There is another important cross-discipline area of ITG. Risk management has become much more important in ITG in recent years. A tangible example of this in the ITG domain is the publication by ISACA of the RiskIT framework (ISACA 2009). The core elements of RiskIT have been incorporated in COBIT 5. RiskIT and COBIT 5 are explicitly designed to inter-operate with other frameworks, particularly the ISO 31000 risk management framework (ISO/IEC 2009). Wilkin and Chenhall (2010) point to several papers that relate to risk management in ITG. Many of these papers are only tangentially related to the nexus between ITG and risk management. There is much more to learn about this important element of ITG. Are there aspects of IT that make risk management in the IT arena different from other arenas? How do we understand, measure, simulate, and strategize IT risks? How does IT mitigate risk? How does IT create its own risk? Intuitively, the breadth and depth of the IT risk universe seem more challenging now than a decade ago. Is it? Understanding of risk management in the ITG domain involves a variety of disciplines, each with their own contribution. These include the traditional areas of finance and insurance, but also organizational behavior, psychology, and auditing. The risk management aspect of ITG seems ripe for a variety of research approaches, including building a better understanding of how enterprises are (or are not) successfully managing risk. Frameworks such as COSO, COSO-ERM, ISO 31000, and COBIT set out guidance on how entities should go about managing risk. Just how is this guidance reflected in the real world?

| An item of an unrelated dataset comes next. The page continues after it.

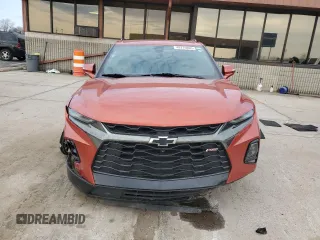 2021 Chevrolet Blazer RS z VIN 3GNKBERSXMS544435, wystawiony jako Copart lot #49710865 z przebiegiem 57 321 mil mil oraz Szkoda całkowita • Salvage title. Historia ofert i sprzedaży dostępna na DreamBid. Obrazek 5.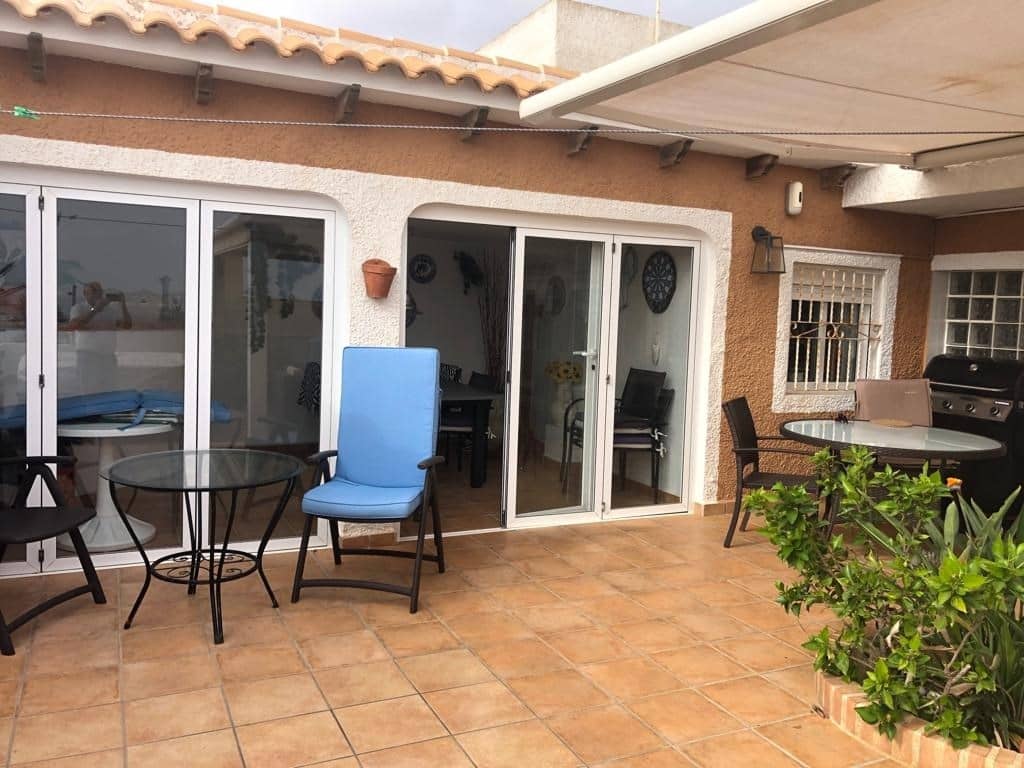 3 bedroom Townhouse for sale in La Mata, Torrevieja with garage €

The papers in this theme issue employ a range of research methodologies including case study, survey, empirical archive, and field study. This diversity is likely to be an ongoing feature of ITG research. Given the relatively immature state of research on ITG, there will be a need for qualitative research. The study of Schobel and Denford (2013) in this issue is an example of a highly informative small sample size study. What are missing from ITG research at present are: in-depth case studies of ITG directions, successes, and failures.